At Claremont-McKenna College last night, my thoughts on the stimulus package vote this week crystallized a little - they can do that when a bunch of feisty undergraduates are asking good questions. On the one hand, I'm delighted that the GOP has rediscovered fiscal conservatism after a long period of Bush insanity. On the other hand, they may have chosen the one moment in recent history when fiscal conservatism could be disastrous. Yes, I can understand why Obama's bizarre idea of having Rahm Emmanuel deal with the House GOP back-fired (shouldn't he just run the White House?). But I also see that Obama won the last election, the public rightly expects a real boost to demand, and more tax cuts simply won't do enough.

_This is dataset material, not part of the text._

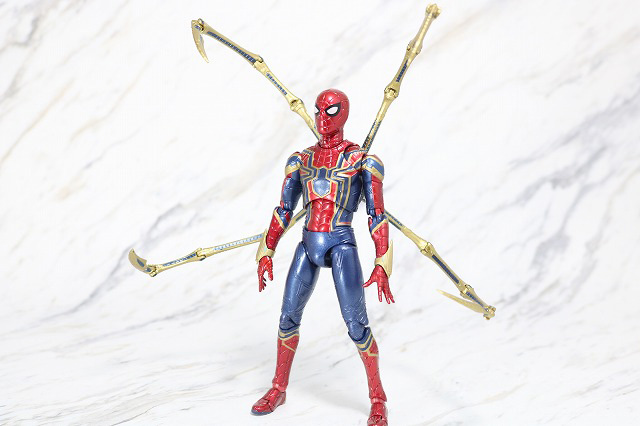 MAFEX　アイアン　スパイダーマン　レビュー　付属品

So what to do? This is the smartest GOP approach I've seen yet:
Instead of fighting Dems on the dollar amount of spending, knowing that we would lose that fight in any event, we could have stood with Obama and called for large high-tech infrastructure projects that would employ large numbers of minorities in construction and white collar suburbanites in development. These projects (high speed rail corridors as an example) would also capture the imagination of the green close-in suburbs that are turning viciously against the GOP and have the strategic benefit of jamming up the young Dem members (Webb/Warner/Hagan/McCaskill) who depended on these voters for their victories.
Bring on the long term infrastructure investment.